◆ **Available data**

++++++++

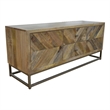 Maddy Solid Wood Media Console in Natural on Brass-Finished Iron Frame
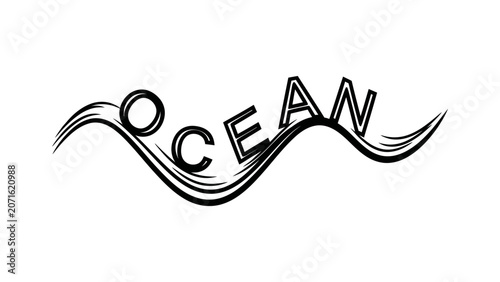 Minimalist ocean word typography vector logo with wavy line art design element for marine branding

++++++++

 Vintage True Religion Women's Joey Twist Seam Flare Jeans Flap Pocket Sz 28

++++++++

In the data above, the stretch from the line with "Maddy Solid Wood" through the line with "Minimalist ocean word" is to be returned exactly, minus any pictures.

◆ **Task result**
 Maddy Solid Wood Media Console in Natural on Brass-Finished Iron Frame
 Minimalist ocean word typography vector logo with wavy line art design element for marine branding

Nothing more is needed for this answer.